But it was during that period that he was the personification of ‘innovation’ in coaching. He was the pioneer of using a laptop in the dressing room perhaps for creating a video analysis of every game, something which is now a common occurrence amongst almost every team in the world. He was also the man to introduce the idea of a captain wearing an earpiece on the field to communicate with the coach, something which was eventually outlawed by the ICC.
It was in 2004 that he was appointed the coach of Pakistan’s cricket team, succeeding Javed Miandad. Here, he had a wonderful beginning to his stint, guiding the team to the semifinals of the ICC Champions Trophy 2004, and a successful tour to India which involved a 1-1 series draw in 3 Tests and a 4-2 series win in 6 ODIs. However, after that he could not help the team much which was focused more on resolving differences due to religion rather than playing their cricket, according to him. Despite that, the team was strong at home since they beat England and India in Tests during the 2005-06 season and won both ODIs and Tests in Sri Lanka.

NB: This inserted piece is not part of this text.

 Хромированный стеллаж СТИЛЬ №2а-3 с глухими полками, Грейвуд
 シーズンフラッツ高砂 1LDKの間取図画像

Pakistan had a disastrous outing in the World Cup 2007 since they were knocked out in the first round of the tournament following a shock defeat to Ireland. A day after the defeat, much to the dismay rather than a surprise to the cricketing world, Woolmer was found dead in his hotel room in Jamaica. It was suspected initially that he may have been murdered by the underworld due to something related to match fixing or revenge. But the police eventually declared that he died due to natural causes, which makes his expiry unfortunate and all the more sad. A two minute silence was held in his honour for most of the matches that were played in that tournament, at the start.
4) Dav Whatmore (Australia)
Davenell Frederick Whatmore was born on March 16, 1954 in Colombo, Sri Lanka. He must surely be one of the most experienced coaches in world cricket at the moment. When he was eight, his family shifted base from Sri Lanka to Australia and since then, Melbourne has been his hometown. Having played first class cricket for Victoria helped him in gaining knowledge about the game, which is crucial for the art of coaching. In fact, he even made it to the Australian cricket team in 1979 but was dropped after a year due to inconsistent performances.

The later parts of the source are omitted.